Another incentive problem was an absence of penalties for failure to introduce available
new technologies. A laggard enterprise with outmoded technology might find its costs rising
above the industry average, but the ministry tended to protect its enterprises and made subsidies
available.
(cont)

There were also problems of the means available for innovation. Innovations that involve
radically new products typically entail either the entry by an existing enterprise into a new line of
production or the creation of new enterprises. The Soviet planning system had relatively rigid
boundaries between industries, and entry into a different line by an existing enterprise was
discouraged, as poaching on the territory of others. 13 While new enterprises were created from
time to time, this was limited and usually faced opposition from existing enterprises.
Individual inventors were greatly underutilized in the Soviet system. Most enterprises had
an official policy of making small-scale facilities available to aspiring inventors. However, this
program was not very effective at drawing out creative individual inventors, perhaps because the
passivity bred into individuals by the repressive, centralized, hierarchical Soviet system
discouraged individual inventive activity.

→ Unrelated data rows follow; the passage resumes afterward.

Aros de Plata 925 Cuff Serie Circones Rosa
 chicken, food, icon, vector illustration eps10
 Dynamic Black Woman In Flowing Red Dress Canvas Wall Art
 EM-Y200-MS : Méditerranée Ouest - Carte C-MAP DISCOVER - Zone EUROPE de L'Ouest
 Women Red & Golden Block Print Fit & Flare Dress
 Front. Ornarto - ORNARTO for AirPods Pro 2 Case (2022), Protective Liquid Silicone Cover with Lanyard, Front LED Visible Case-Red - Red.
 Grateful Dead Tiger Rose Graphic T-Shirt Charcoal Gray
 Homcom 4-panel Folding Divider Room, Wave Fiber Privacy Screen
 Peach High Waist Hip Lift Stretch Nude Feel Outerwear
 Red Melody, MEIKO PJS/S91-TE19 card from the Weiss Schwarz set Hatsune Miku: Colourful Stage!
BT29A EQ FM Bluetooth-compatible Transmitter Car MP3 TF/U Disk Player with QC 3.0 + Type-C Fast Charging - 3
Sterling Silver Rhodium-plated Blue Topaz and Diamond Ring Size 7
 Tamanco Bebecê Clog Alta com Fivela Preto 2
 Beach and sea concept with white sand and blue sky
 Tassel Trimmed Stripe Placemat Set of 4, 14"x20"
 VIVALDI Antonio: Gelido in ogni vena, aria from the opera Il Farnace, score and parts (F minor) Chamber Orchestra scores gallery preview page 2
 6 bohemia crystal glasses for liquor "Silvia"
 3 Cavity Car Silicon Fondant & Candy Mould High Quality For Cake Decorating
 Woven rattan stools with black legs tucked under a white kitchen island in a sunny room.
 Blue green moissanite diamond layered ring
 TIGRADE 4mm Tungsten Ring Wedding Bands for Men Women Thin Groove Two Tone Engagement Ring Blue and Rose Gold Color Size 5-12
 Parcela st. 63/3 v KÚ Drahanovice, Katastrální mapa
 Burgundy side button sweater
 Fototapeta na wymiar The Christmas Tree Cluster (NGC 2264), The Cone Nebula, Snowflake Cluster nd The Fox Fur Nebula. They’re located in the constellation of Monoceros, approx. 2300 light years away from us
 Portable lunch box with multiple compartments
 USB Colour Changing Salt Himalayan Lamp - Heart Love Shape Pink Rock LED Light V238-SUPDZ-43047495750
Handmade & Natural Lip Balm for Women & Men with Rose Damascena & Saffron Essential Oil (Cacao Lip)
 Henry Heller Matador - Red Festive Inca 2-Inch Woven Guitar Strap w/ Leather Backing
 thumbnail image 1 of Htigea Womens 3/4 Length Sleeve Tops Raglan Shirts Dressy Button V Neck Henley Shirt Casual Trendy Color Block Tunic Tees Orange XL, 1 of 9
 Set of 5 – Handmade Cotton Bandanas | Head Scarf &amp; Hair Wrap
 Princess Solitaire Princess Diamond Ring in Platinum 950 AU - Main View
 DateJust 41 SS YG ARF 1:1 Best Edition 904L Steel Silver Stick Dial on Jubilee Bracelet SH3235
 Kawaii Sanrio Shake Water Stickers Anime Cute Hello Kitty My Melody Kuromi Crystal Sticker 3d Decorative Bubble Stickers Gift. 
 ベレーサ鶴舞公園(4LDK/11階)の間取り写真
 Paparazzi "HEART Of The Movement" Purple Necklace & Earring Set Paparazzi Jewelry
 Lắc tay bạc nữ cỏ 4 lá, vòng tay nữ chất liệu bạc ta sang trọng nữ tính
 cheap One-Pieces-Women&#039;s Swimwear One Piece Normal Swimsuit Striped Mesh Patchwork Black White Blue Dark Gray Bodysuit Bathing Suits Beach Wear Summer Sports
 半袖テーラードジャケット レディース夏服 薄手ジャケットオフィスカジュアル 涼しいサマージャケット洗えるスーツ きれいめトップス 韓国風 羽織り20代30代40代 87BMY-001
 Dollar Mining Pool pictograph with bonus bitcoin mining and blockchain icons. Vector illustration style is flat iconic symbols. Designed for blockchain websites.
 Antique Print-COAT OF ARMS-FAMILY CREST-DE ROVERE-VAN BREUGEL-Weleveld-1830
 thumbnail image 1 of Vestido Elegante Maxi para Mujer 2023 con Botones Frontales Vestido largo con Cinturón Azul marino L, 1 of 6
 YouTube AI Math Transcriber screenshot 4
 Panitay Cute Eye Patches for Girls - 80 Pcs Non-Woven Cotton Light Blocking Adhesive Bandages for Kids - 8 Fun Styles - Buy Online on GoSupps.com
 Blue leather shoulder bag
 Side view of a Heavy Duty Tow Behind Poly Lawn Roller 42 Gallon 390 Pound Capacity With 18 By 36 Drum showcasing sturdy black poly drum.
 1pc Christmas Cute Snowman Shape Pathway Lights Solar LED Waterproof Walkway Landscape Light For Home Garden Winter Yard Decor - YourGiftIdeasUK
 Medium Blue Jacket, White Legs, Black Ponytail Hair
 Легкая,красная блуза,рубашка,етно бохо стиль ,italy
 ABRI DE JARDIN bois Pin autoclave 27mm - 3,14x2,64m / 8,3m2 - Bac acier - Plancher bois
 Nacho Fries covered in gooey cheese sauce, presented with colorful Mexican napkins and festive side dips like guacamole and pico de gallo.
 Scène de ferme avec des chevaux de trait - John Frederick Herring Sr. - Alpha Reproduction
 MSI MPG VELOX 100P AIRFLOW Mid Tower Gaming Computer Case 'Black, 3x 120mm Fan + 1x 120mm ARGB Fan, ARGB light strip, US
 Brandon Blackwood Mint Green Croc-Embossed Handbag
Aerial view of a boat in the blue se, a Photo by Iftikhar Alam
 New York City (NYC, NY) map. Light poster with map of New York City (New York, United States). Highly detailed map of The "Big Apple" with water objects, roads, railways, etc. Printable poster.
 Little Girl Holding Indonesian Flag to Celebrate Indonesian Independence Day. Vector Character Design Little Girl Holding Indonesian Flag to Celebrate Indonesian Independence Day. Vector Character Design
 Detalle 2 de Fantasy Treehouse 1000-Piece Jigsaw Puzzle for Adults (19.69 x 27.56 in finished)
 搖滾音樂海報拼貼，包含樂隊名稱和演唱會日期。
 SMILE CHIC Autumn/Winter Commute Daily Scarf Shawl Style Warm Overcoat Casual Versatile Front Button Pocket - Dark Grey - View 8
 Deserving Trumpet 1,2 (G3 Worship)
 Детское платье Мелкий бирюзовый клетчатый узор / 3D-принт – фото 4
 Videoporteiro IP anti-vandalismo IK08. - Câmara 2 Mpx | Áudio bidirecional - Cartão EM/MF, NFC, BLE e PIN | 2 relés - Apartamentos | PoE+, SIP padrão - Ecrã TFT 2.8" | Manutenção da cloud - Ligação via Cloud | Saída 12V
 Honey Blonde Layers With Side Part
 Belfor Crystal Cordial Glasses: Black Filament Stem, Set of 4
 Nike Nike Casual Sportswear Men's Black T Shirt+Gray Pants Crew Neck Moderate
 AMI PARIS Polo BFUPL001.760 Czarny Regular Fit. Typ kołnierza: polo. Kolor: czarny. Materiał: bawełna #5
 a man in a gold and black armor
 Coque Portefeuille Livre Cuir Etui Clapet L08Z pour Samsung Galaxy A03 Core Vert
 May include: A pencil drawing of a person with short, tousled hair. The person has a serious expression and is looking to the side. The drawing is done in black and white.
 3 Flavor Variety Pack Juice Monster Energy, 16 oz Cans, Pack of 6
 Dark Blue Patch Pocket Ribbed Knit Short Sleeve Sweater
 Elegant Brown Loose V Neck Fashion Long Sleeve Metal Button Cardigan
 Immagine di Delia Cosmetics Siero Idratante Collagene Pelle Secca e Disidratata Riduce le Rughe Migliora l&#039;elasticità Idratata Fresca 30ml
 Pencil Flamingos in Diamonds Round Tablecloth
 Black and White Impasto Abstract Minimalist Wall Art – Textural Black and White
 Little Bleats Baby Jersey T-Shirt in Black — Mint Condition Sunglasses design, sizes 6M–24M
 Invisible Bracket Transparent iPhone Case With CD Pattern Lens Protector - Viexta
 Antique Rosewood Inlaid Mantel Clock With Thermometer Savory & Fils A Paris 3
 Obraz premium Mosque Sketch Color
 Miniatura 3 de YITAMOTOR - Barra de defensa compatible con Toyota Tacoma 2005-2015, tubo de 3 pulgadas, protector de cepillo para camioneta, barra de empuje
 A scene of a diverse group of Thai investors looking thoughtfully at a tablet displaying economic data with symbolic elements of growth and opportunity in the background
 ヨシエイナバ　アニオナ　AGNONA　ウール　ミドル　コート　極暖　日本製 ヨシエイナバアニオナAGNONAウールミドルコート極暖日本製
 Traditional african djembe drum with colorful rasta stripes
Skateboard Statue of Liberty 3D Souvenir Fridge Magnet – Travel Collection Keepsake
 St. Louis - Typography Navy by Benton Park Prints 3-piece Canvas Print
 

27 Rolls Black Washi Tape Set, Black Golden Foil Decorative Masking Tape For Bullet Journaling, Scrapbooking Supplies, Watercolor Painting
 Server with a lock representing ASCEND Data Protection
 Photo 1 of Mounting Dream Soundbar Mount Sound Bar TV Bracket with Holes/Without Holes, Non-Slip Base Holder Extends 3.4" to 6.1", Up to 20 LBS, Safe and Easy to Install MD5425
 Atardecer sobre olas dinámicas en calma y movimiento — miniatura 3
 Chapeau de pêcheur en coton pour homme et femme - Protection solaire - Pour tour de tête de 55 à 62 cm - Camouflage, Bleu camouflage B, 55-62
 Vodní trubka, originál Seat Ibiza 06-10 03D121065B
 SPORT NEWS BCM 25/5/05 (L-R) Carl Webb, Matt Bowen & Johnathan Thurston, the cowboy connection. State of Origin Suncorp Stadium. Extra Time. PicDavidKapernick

In the matter of the effectiveness of innovative activity at advancing human welfare, the
Soviet system did avoid some of the problems of capitalist innovation. There was no bias against
innovation in public goods. There was no problem of monopoly pricing of new products and
processes, with the attendant limitation of their use.

However, the Soviet system had significant weaknesses in the effectiveness of innovative
activity. We will cite three problems in this area. First, while irrational profit criteria largely
guide the allocation of innovative effort in a capitalist system, in the Soviet system the “planners’
preference” guided this allocation. The top leadership favored certain sectors, particularly the
military, space exploration, and certain industrial sectors, while consumer goods occupied a
lowly place in their priorities.

Second, there was a problem stemming from the poor relations between the two key
institutions involved in innovation, the R&D Institutes and the enterprises. The R&D Institutes
had the best researchers and facilities, and they produced a large volume of plans for new
products and processes. However, the enterprises, which had to produce the new product or
introduce the new process, complained that plans arrived that were incomplete, unrealistic, or
unworkable. R&D Institutes complained that enterprises were uninterested in their proposals.
The result was that much innovative effort failed to bear fruit. This seemed to be a result of the
hierarchical character of the system, in which relations between institutions at the same level of
the hierarchy were very poorly structured. 14

Third, and perhaps most serious, innovation in the Soviet system generated major
external costs, particularly for workplace and environmental health. The reason for this in the
Soviet case was not the pursuit of profit but the single-minded emphasis on growth in output and
the undemocratic and repressive character of the system which prevented the affected parties
from defending their health interests.

5. Innovation in a Democratic Planned Participatory Socialist System
What kind of innovation performance would be expected under a DPPS system, by
comparison to that of capitalism and state socialism? Three features of DPPS, as laid out in
Devine (1988), are relevant to innovation performance. First, the main features of the overall
economic plan would be determined by a democratic process (Devine, 1988, p. 190).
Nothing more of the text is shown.